Short web captions
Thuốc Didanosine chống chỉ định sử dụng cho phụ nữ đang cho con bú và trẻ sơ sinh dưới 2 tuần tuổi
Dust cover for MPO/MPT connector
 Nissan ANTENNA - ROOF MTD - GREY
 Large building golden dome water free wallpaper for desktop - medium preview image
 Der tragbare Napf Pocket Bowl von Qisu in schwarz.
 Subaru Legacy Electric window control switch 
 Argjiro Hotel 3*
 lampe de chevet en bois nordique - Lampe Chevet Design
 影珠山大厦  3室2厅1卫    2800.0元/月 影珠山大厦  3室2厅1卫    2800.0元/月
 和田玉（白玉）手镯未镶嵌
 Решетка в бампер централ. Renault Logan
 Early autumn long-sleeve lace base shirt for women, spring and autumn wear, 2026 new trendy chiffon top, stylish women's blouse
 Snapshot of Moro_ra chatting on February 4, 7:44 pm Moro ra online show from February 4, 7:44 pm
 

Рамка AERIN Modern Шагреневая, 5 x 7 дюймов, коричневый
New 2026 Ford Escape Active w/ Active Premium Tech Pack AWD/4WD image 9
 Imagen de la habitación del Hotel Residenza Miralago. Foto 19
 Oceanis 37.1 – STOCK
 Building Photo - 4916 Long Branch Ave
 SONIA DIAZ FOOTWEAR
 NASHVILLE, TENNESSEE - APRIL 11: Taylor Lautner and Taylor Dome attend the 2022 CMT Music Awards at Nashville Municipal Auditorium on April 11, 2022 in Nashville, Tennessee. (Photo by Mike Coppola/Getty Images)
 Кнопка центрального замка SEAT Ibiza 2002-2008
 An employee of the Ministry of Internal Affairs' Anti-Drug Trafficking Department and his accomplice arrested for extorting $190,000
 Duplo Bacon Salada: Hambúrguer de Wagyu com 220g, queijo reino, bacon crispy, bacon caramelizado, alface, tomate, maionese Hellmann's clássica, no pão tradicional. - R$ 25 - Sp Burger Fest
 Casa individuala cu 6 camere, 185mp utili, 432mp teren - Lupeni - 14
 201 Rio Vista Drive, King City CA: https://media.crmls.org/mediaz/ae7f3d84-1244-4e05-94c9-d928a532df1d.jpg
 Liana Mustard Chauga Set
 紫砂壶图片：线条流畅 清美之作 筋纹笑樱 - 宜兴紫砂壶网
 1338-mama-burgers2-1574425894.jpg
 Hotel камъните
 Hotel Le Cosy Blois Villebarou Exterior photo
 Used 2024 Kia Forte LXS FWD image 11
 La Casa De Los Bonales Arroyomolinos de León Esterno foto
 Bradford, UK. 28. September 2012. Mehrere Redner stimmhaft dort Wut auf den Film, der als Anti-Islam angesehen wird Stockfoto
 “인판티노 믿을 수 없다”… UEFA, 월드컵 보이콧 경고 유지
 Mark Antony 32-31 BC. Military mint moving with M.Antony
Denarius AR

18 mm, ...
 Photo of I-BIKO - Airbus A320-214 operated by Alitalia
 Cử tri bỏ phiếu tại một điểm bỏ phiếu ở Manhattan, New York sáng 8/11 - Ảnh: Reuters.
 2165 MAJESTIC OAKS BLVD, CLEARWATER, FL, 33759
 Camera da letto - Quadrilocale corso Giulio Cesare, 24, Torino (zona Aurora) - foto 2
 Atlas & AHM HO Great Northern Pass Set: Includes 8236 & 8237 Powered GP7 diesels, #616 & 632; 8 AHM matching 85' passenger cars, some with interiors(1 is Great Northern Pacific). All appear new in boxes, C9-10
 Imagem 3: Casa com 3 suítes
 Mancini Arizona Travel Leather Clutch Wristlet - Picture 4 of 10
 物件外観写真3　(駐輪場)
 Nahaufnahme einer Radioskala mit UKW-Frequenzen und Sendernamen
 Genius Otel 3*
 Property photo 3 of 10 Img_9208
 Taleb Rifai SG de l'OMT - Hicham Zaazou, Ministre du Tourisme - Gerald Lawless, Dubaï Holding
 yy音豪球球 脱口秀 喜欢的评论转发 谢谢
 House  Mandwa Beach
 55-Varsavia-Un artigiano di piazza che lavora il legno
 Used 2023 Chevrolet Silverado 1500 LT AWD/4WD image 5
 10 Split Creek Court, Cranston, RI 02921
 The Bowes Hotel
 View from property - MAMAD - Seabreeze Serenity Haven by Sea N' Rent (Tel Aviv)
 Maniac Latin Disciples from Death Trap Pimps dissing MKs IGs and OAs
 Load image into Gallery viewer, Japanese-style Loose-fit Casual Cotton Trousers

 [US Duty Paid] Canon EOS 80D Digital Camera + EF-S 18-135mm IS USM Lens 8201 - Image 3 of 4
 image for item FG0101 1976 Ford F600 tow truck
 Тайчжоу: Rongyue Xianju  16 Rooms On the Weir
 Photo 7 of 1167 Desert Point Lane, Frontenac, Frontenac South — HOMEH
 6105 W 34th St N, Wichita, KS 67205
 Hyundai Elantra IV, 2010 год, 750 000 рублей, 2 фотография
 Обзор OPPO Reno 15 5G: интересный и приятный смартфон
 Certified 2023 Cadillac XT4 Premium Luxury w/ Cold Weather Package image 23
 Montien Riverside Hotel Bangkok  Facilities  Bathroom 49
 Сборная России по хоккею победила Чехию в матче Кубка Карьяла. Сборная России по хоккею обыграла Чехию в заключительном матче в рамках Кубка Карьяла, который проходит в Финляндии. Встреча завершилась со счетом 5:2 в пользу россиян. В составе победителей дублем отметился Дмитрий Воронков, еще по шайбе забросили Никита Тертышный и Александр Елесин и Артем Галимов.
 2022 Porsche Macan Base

▸ Work to complete:
From the first line to the last, retype the records exactly as they stand above.

▸ Solution to the exercise:
Thuốc Didanosine chống chỉ định sử dụng cho phụ nữ đang cho con bú và trẻ sơ sinh dưới 2 tuần tuổi
Dust cover for MPO/MPT connector
 Nissan ANTENNA - ROOF MTD - GREY
 Large building golden dome water free wallpaper for desktop - medium preview image
 Der tragbare Napf Pocket Bowl von Qisu in schwarz.
 Subaru Legacy Electric window control switch 
 Argjiro Hotel 3*
 lampe de chevet en bois nordique - Lampe Chevet Design
 影珠山大厦  3室2厅1卫    2800.0元/月 影珠山大厦  3室2厅1卫    2800.0元/月
 和田玉（白玉）手镯未镶嵌
 Решетка в бампер централ. Renault Logan
 Early autumn long-sleeve lace base shirt for women, spring and autumn wear, 2026 new trendy chiffon top, stylish women's blouse
 Snapshot of Moro_ra chatting on February 4, 7:44 pm Moro ra online show from February 4, 7:44 pm
 

Рамка AERIN Modern Шагреневая, 5 x 7 дюймов, коричневый
New 2026 Ford Escape Active w/ Active Premium Tech Pack AWD/4WD image 9
 Imagen de la habitación del Hotel Residenza Miralago. Foto 19
 Oceanis 37.1 – STOCK
 Building Photo - 4916 Long Branch Ave
 SONIA DIAZ FOOTWEAR
 NASHVILLE, TENNESSEE - APRIL 11: Taylor Lautner and Taylor Dome attend the 2022 CMT Music Awards at Nashville Municipal Auditorium on April 11, 2022 in Nashville, Tennessee. (Photo by Mike Coppola/Getty Images)
 Кнопка центрального замка SEAT Ibiza 2002-2008
 An employee of the Ministry of Internal Affairs' Anti-Drug Trafficking Department and his accomplice arrested for extorting $190,000
 Duplo Bacon Salada: Hambúrguer de Wagyu com 220g, queijo reino, bacon crispy, bacon caramelizado, alface, tomate, maionese Hellmann's clássica, no pão tradicional. - R$ 25 - Sp Burger Fest
 Casa individuala cu 6 camere, 185mp utili, 432mp teren - Lupeni - 14
 201 Rio Vista Drive, King City CA: https://media.crmls.org/mediaz/ae7f3d84-1244-4e05-94c9-d928a532df1d.jpg
 Liana Mustard Chauga Set
 紫砂壶图片：线条流畅 清美之作 筋纹笑樱 - 宜兴紫砂壶网
 1338-mama-burgers2-1574425894.jpg
 Hotel камъните
 Hotel Le Cosy Blois Villebarou Exterior photo
 Used 2024 Kia Forte LXS FWD image 11
 La Casa De Los Bonales Arroyomolinos de León Esterno foto
 Bradford, UK. 28. September 2012. Mehrere Redner stimmhaft dort Wut auf den Film, der als Anti-Islam angesehen wird Stockfoto
 “인판티노 믿을 수 없다”… UEFA, 월드컵 보이콧 경고 유지
 Mark Antony 32-31 BC. Military mint moving with M.Antony
Denarius AR

18 mm, ...
 Photo of I-BIKO - Airbus A320-214 operated by Alitalia
 Cử tri bỏ phiếu tại một điểm bỏ phiếu ở Manhattan, New York sáng 8/11 - Ảnh: Reuters.
 2165 MAJESTIC OAKS BLVD, CLEARWATER, FL, 33759
 Camera da letto - Quadrilocale corso Giulio Cesare, 24, Torino (zona Aurora) - foto 2
 Atlas & AHM HO Great Northern Pass Set: Includes 8236 & 8237 Powered GP7 diesels, #616 & 632; 8 AHM matching 85' passenger cars, some with interiors(1 is Great Northern Pacific). All appear new in boxes, C9-10
 Imagem 3: Casa com 3 suítes
 Mancini Arizona Travel Leather Clutch Wristlet - Picture 4 of 10
 物件外観写真3　(駐輪場)
 Nahaufnahme einer Radioskala mit UKW-Frequenzen und Sendernamen
 Genius Otel 3*
 Property photo 3 of 10 Img_9208
 Taleb Rifai SG de l'OMT - Hicham Zaazou, Ministre du Tourisme - Gerald Lawless, Dubaï Holding
 yy音豪球球 脱口秀 喜欢的评论转发 谢谢
 House  Mandwa Beach
 55-Varsavia-Un artigiano di piazza che lavora il legno
 Used 2023 Chevrolet Silverado 1500 LT AWD/4WD image 5
 10 Split Creek Court, Cranston, RI 02921
 The Bowes Hotel
 View from property - MAMAD - Seabreeze Serenity Haven by Sea N' Rent (Tel Aviv)
 Maniac Latin Disciples from Death Trap Pimps dissing MKs IGs and OAs
 Load image into Gallery viewer, Japanese-style Loose-fit Casual Cotton Trousers

 [US Duty Paid] Canon EOS 80D Digital Camera + EF-S 18-135mm IS USM Lens 8201 - Image 3 of 4
 image for item FG0101 1976 Ford F600 tow truck
 Тайчжоу: Rongyue Xianju  16 Rooms On the Weir
 Photo 7 of 1167 Desert Point Lane, Frontenac, Frontenac South — HOMEH
 6105 W 34th St N, Wichita, KS 67205
 Hyundai Elantra IV, 2010 год, 750 000 рублей, 2 фотография
 Обзор OPPO Reno 15 5G: интересный и приятный смартфон
 Certified 2023 Cadillac XT4 Premium Luxury w/ Cold Weather Package image 23
 Montien Riverside Hotel Bangkok  Facilities  Bathroom 49
 Сборная России по хоккею победила Чехию в матче Кубка Карьяла. Сборная России по хоккею обыграла Чехию в заключительном матче в рамках Кубка Карьяла, который проходит в Финляндии. Встреча завершилась со счетом 5:2 в пользу россиян. В составе победителей дублем отметился Дмитрий Воронков, еще по шайбе забросили Никита Тертышный и Александр Елесин и Артем Галимов.
 2022 Porsche Macan Base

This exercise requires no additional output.